Сказал матери, что еду в командировку. И начал основательно собираться.
Мать с подозрением посмотрела на меня:
— Надолго?
— Как получится, ма, — сказал я. — Дней на пять…
Забегая вперед, не могу не вспомнить, как в один из дней, когда я заходил домой — помыться и поменять белье, застал ее у плиты. Она сидела на стуле (ведь стоять ей было трудно) и жарила целую гору налистников.
Я быстро помылся, на ходу схватил налистники и уже собирался что-то соврать о следующей поездке, как она протянула мне теплый сверток, завернутый в фольгу:
— На… Отнеси туда… Ребятам…
Я застыл, глядя в ее глаза.
Неуклюже взял пакет.
— Спасибо, мать. Ты извини…
Она вздохнула и сердито склонила голову — так она делала всегда, когда хотела скрыть слезы, произнесла:
— Ты там смотри… Не лезь первым…
Ночевал в казарме Украинского Дома, который мы отбили у милиции.
Ранее там располагалась галерея, теперь стояли умело сбитые двухъярусные кровати.
И все было устроено «по-домашнему».
Какие- то девочки снарядили меня деревянным щитом и каской, которые они разрисовали так, что я скорее напоминал рождественского Николая. Эти произведения народного искусства вряд ли могли служить надежной защитой.
Когда на моем горизонте снова появился Дезмонд Уитенберг, благодаря ему я обзавелся американским броником. Вообще-то, я предполагал, что где-то на этих майдановских горизонтах может появиться и Елизавета Тенецкая со своей не утраченной привычкой быть в центре событий. Но появление Деза стало неожиданностью. Хотя, собственно, теперь я не удивлялся ничему.
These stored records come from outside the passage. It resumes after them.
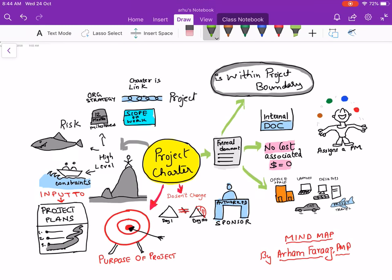Did you know a project charter can help you get from five to six questions on the PMP exam? Understanding a project charter is very important. Today I'm recording a quick video on project charter by making a mind map. A mind map will help you understand what is in a project charter and retain it for a longer time.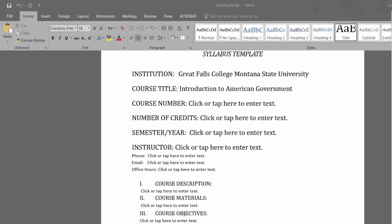Creating a syllabus that is compliant with the Americans with Disabilities Act, or ADA, is an essential instructor task.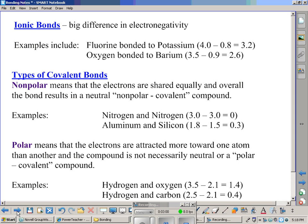Let's talk about types of covalent bonds. A non-polar bond means that the electrons are shared equally, and overall the bond results in a neutral, non-polar covalent bond — there's not much difference in how much pull one atom has on the electrons of the other. For example, if you have two elements with the exact same electronegative value, such as nitrogen bonded to nitrogen, both having a value of 3, you subtract and get zero — an equal pull on the electrons.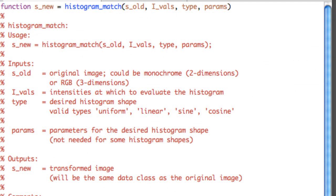Here is a MATLAB function, histogram match, with its four inputs: SOLD, IVALS, TYPE, and PARAMS. SOLD is the original image, which could be a monochrome two-dimensional or an RGB three-dimensional image. It is important to note that this is an image data array, not a file pointer. IVALS is the intensities at which we evaluate the histogram. TYPE is the desired histogram shape, and PARAMS contains parameters for the desired shape if needed.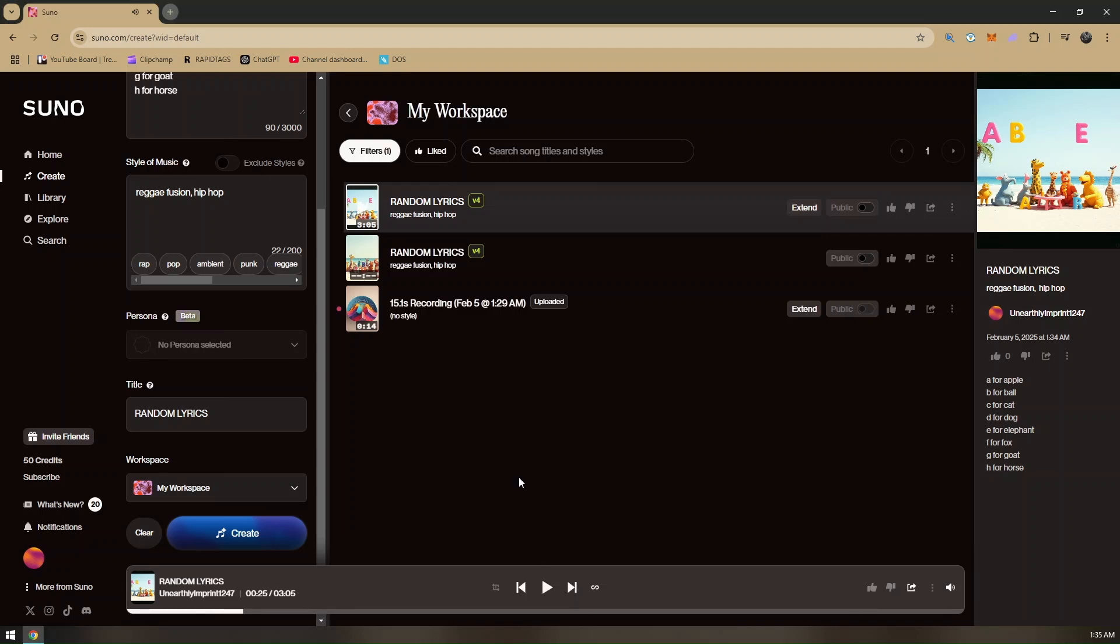All right, there you go. That's it. That's how you can use Suno AI to turn your voice into a song.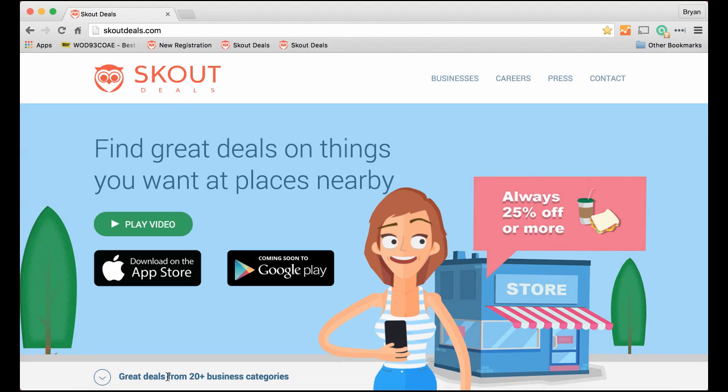Hi, I'm Brian Payne, founder and CEO of Scout Deals. What is Scout Deals? We're a mobile app that allows people to find great deals nearby based on their location. The purpose of this video is to show businesses how easy it is to register for Scout Deals and how easy it is to put deals up onto our app. So let's get started.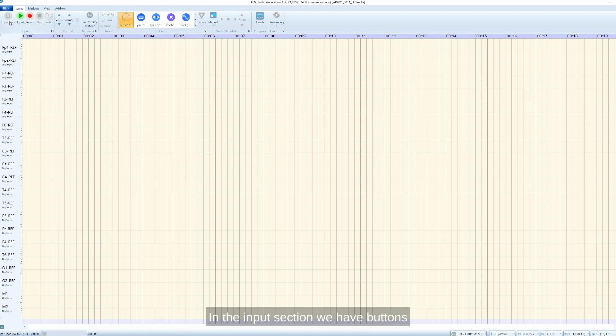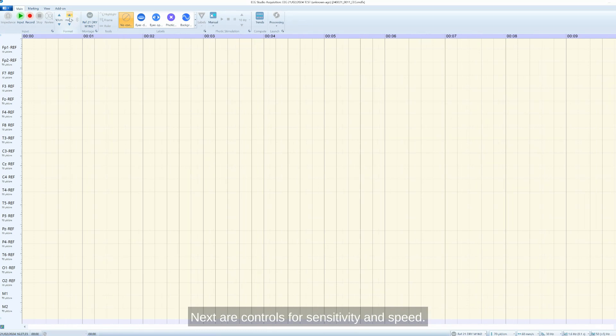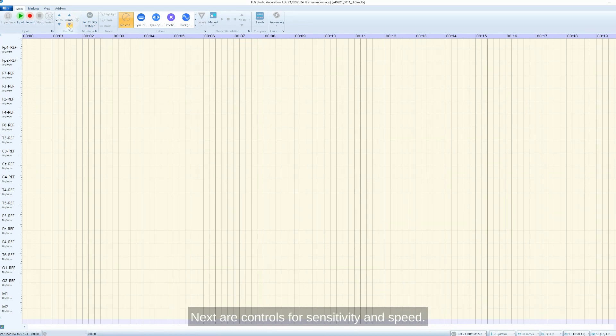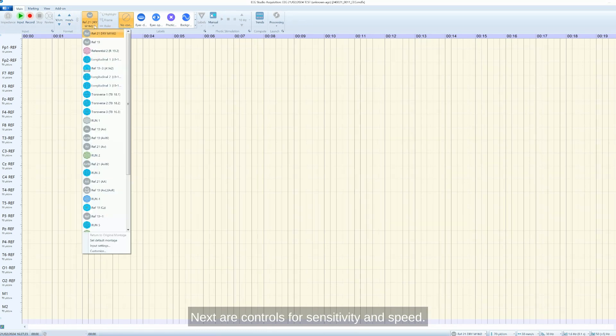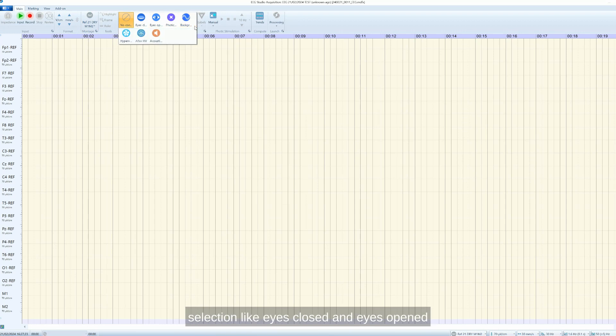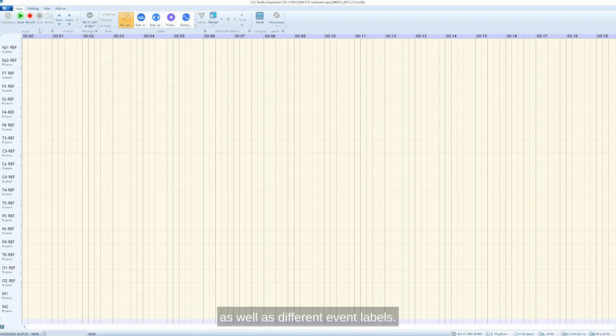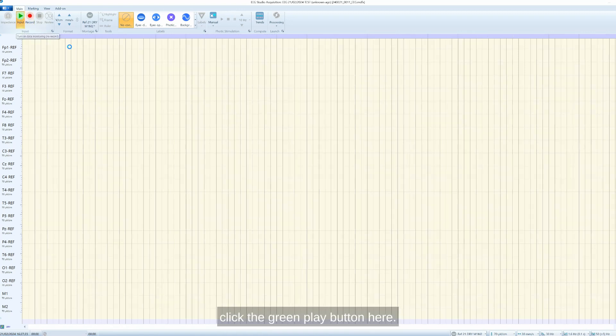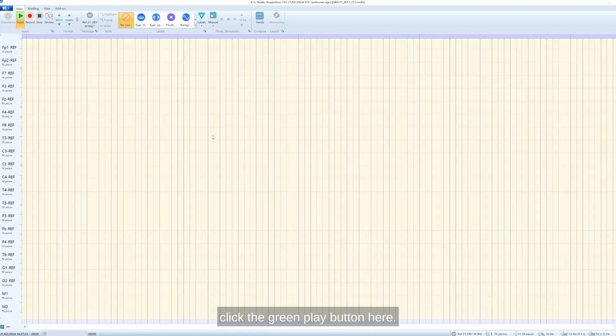In the input section, we have buttons to control recording and start impedance window. Next are controls for sensitivity and speed. Then comes montage list and recording condition selection like eyes closed and eyes opened, as well as different event labels. To start data input, we simply click the green play button here.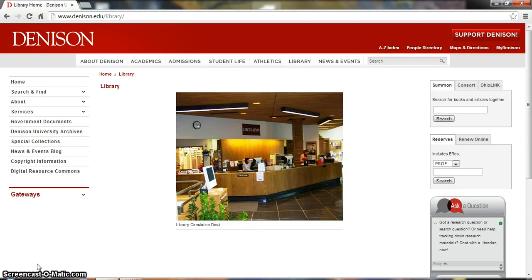Hi, my name is Michelle Brosser and today I'm going to show you how to use the Digital Resource Commons to find Women's Studies archival materials. These materials are specific to the Women's Studies program at Denison University.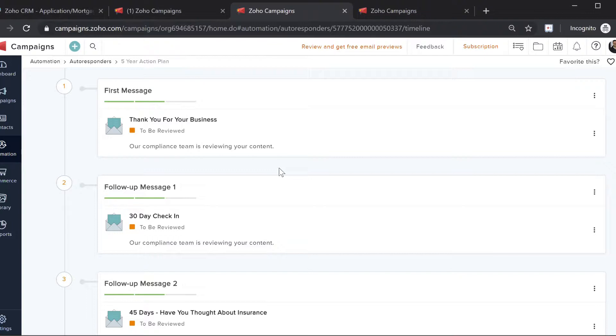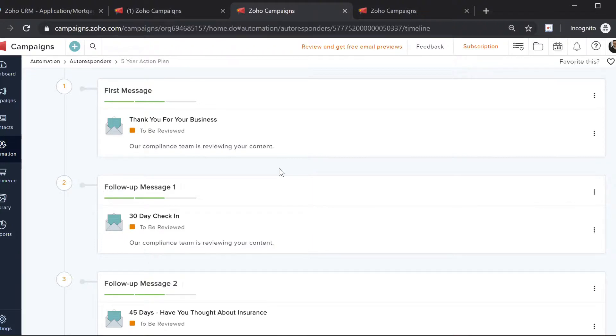Now, these automations not only give emails to your client, but also give you tasks. After a certain period of time, for example after 60 days, you will receive a task to call the client just to check in. There are two to four automated tasks per year reminding you to call the clients as well.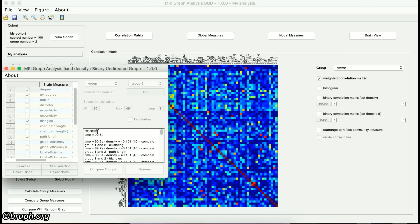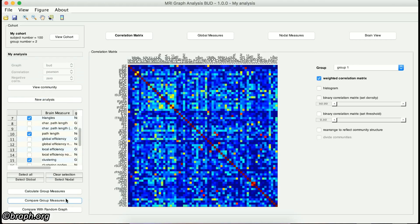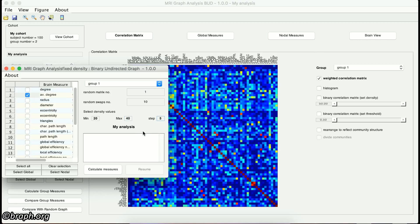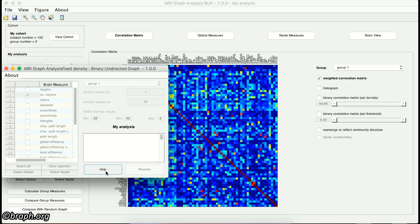In the case that you want to compare a group of subjects with random graphs, click on the Compare with Random Graphs button. Again, select the desired measures and the group for which you want to calculate the measures. In the box in front of the random matrix number, enter the number of random graphs you want to use for comparison, and for the random swap number, enter the number of edges rewiring for the randomization. Then define the density interval and the step size, and finally start your comparison.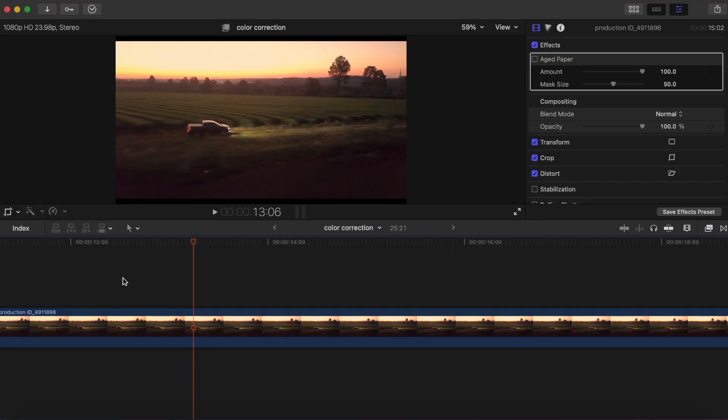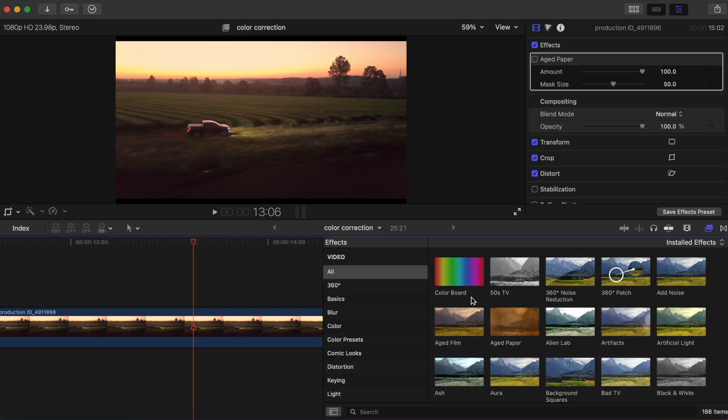Hey what's up guys, welcome back to another video. Today we are going to be doing the aged film effect in Final Cut Pro 10. Super easy guys, just come over to the effects tab and it's going to be right here.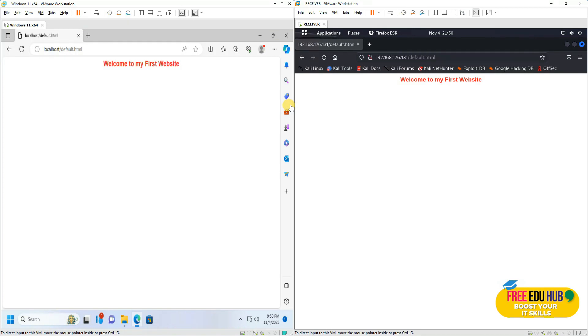So that's how you set up a web server on Windows 11 Professional. I hope you understood it. That's it for today — thank you very much.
Даже разрушенный, обожженный и обнаженный до земли Майдан не вызывал у меня тех «чистоплюйских» эмоций, которые выливали на мою голову некоторые из бывших приятелей, вопя о том, что «все пропало» и центр столицы никогда больше не восстановится.
Удивляло другое: то, как вчерашние компьютерщики, экономисты, студенты, бизнесмены, бухгалтеры, агрономы и куча других мирных граждан превратились в армию.
Безоружную, романтическую и бесстрашную.
Дез и Елизавета рухнули на мою голову неожиданно, но все же предсказуемо.
Хотя я мало вспоминал о них.
На это не было времени.
На все, что касалось другой жизни, — не было времени.
Я даже забыл, что у Елизаветы был ключ от моей квартиры. Туда они в первую очередь и приехали, как хозяева.
Привезли кучу вкусных полуфабрикатов, а в придачу — несколько бронежилетов, которые провезли через «дипломатический коридор». Вездесущий Дез, как оказалось, пролез в миссию наблюдателей.
К тому времени в квартире Лина обустроила «перевалочный пункт» для раненых и убитых. Ведь везти их в больницы было опасно — людей арестовывали прямо на больничных койках, похищали, издевались и убивали. Мы искали надежных врачей, которые принимали к себе таких «пациентов», предварительно оформляя им «гражданский анамнез».
Итак, Дезмонд и Елизавета сразу же включились в кучу процессов, которые происходили вокруг. Происходили иногда достаточно обыденно, ведь людям на площади надо было есть, спать, одеваться в теплое, лечиться от простуды и переохлаждения.
Времена, когда мы, хмельные и счастливые, обсуждали свои большие планы на крыше небоскреба в Мидтауне, отошли в далекое прошлое, казавшееся нам давно отснятым и никому не нужным фильмом.
Затем эта парочка перебралась в отель, из которого Майдан было видно как на ладони. А Елизавета начала снимать свое «кино».
Но совсем, совсем не из окна.
…Когда мы…
Каждый раз говоря «мы», я понимал, что не всегда знаю имя того, кто был рядом.
Ведь в дыму и пепле, в той бешеной суете и предчувствии смерти, я и сам для многих был безымянным. Но безымянным с лучшим «позывным» тех дней — «Брат».
Итак, когда мы…
…Двинулись вверх по Институтской, прикрываясь деревянными щитами и строительными касками, потеряв терпение, здравый смысл и инстинкт самосохранения, я наверное знал: это будет последний бой.